What is needed — You are to retype all of the data exactly as it appears.

Exercise data —
↓

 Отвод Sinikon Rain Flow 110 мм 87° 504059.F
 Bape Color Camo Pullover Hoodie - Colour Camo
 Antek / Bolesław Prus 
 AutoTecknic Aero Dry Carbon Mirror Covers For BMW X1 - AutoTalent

↑

Output —
 Отвод Sinikon Rain Flow 110 мм 87° 504059.F
 Bape Color Camo Pullover Hoodie - Colour Camo
 Antek / Bolesław Prus 
 AutoTecknic Aero Dry Carbon Mirror Covers For BMW X1 - AutoTalent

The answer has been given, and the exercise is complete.